What to do>
All the lines below need to be output exactly, apart from any images.

[Data records]
^^^^^^^^^^^^^^^^
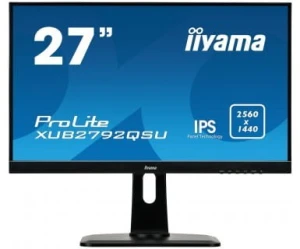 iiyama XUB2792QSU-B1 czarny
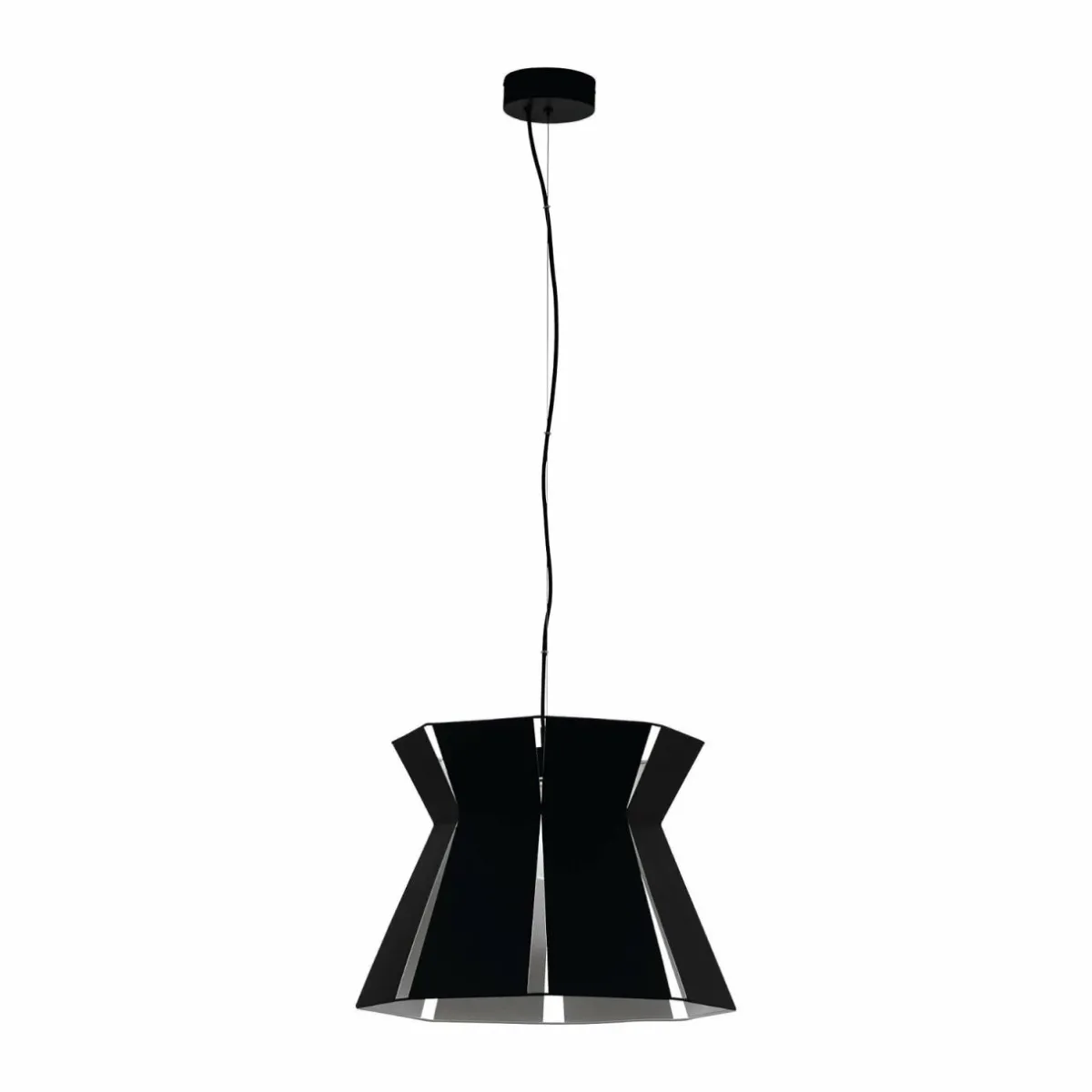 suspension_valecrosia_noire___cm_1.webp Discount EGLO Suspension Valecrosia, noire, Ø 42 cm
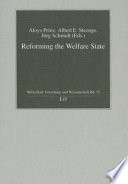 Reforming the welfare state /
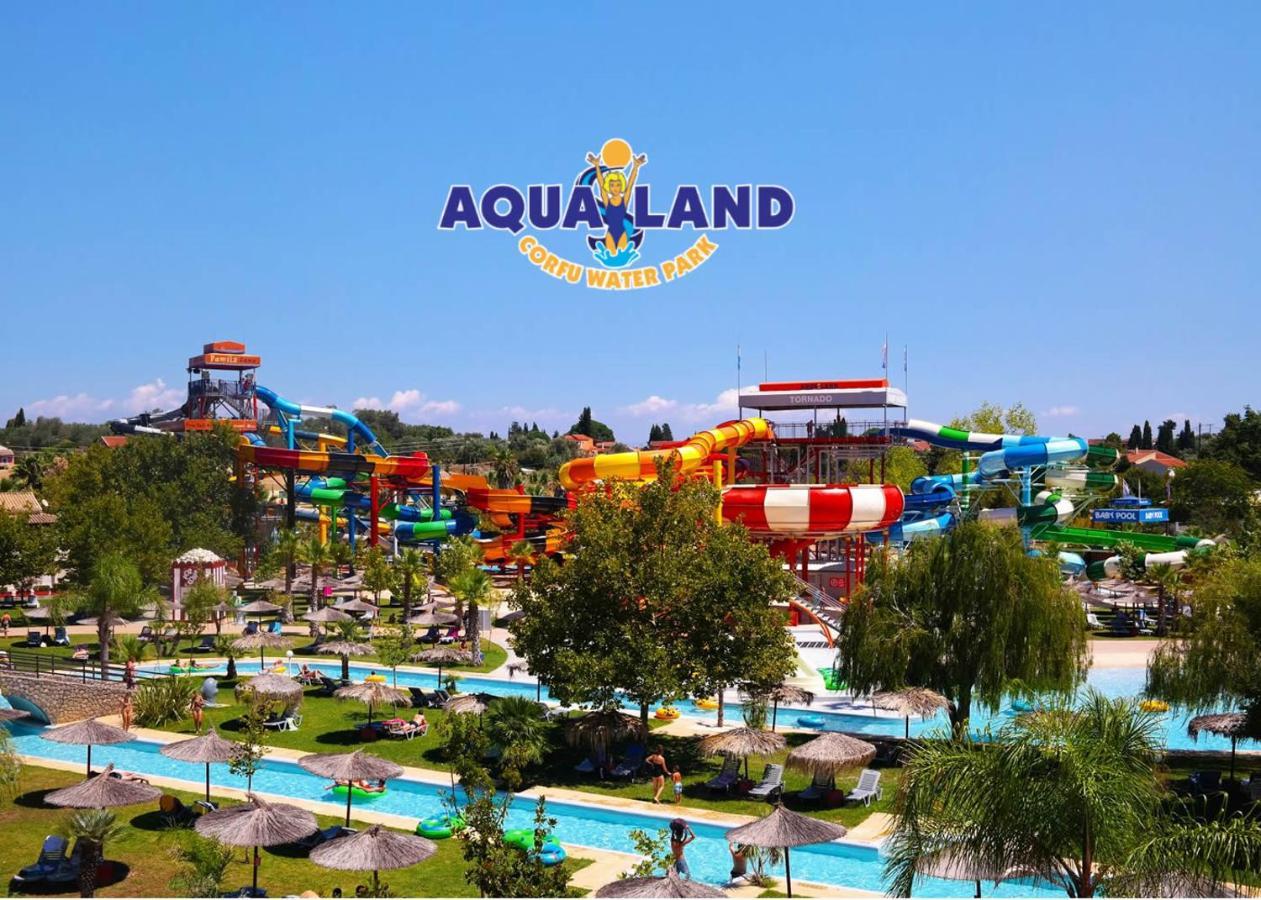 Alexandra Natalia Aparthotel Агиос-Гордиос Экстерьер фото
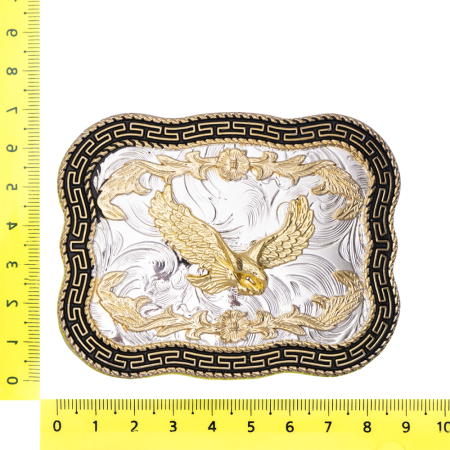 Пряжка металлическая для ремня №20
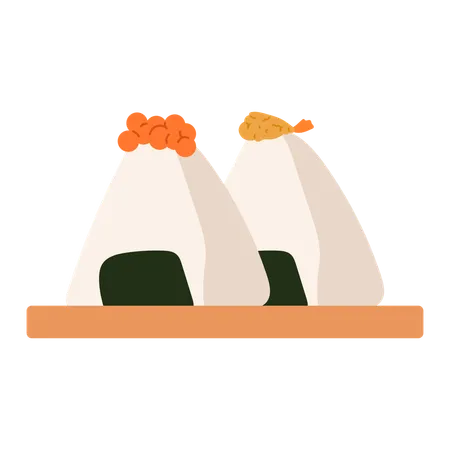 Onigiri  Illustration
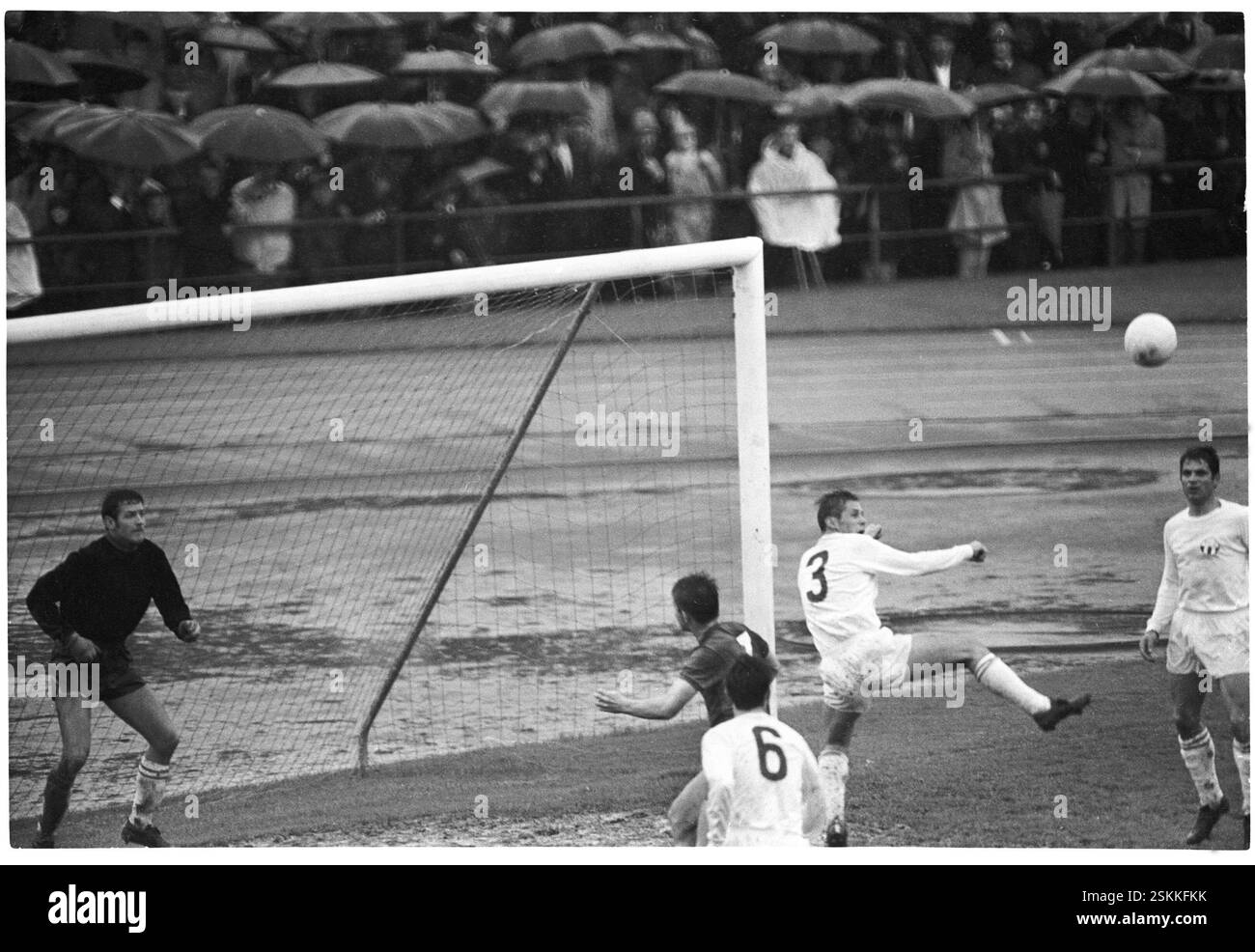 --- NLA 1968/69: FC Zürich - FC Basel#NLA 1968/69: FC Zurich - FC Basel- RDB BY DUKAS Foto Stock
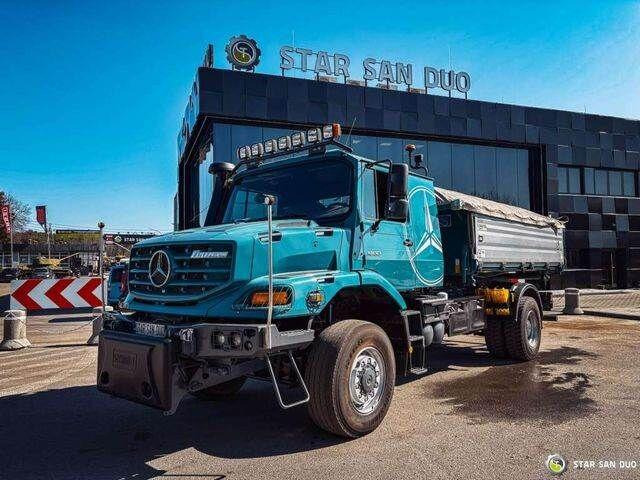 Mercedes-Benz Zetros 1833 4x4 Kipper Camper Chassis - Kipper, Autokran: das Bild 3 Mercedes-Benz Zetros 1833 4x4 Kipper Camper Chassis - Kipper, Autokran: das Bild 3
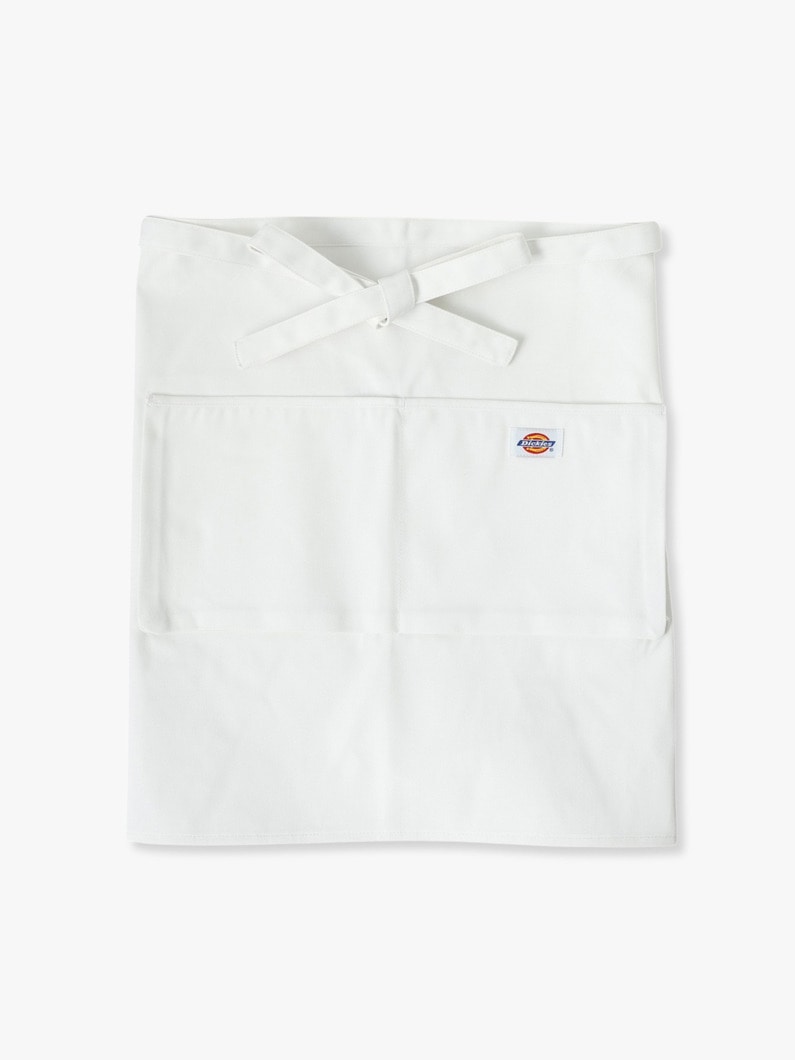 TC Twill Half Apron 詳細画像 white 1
^^^^^^^^^^^^^^^^
Response>
 iiyama XUB2792QSU-B1 czarny
 suspension_valecrosia_noire___cm_1.webp Discount EGLO Suspension Valecrosia, noire, Ø 42 cm
 Reforming the welfare state /
 Alexandra Natalia Aparthotel Агиос-Гордиос Экстерьер фото
 Пряжка металлическая для ремня №20
 Onigiri  Illustration
 --- NLA 1968/69: FC Zürich - FC Basel#NLA 1968/69: FC Zurich - FC Basel- RDB BY DUKAS Foto Stock
 Mercedes-Benz Zetros 1833 4x4 Kipper Camper Chassis - Kipper, Autokran: das Bild 3 Mercedes-Benz Zetros 1833 4x4 Kipper Camper Chassis - Kipper, Autokran: das Bild 3
 TC Twill Half Apron 詳細画像 white 1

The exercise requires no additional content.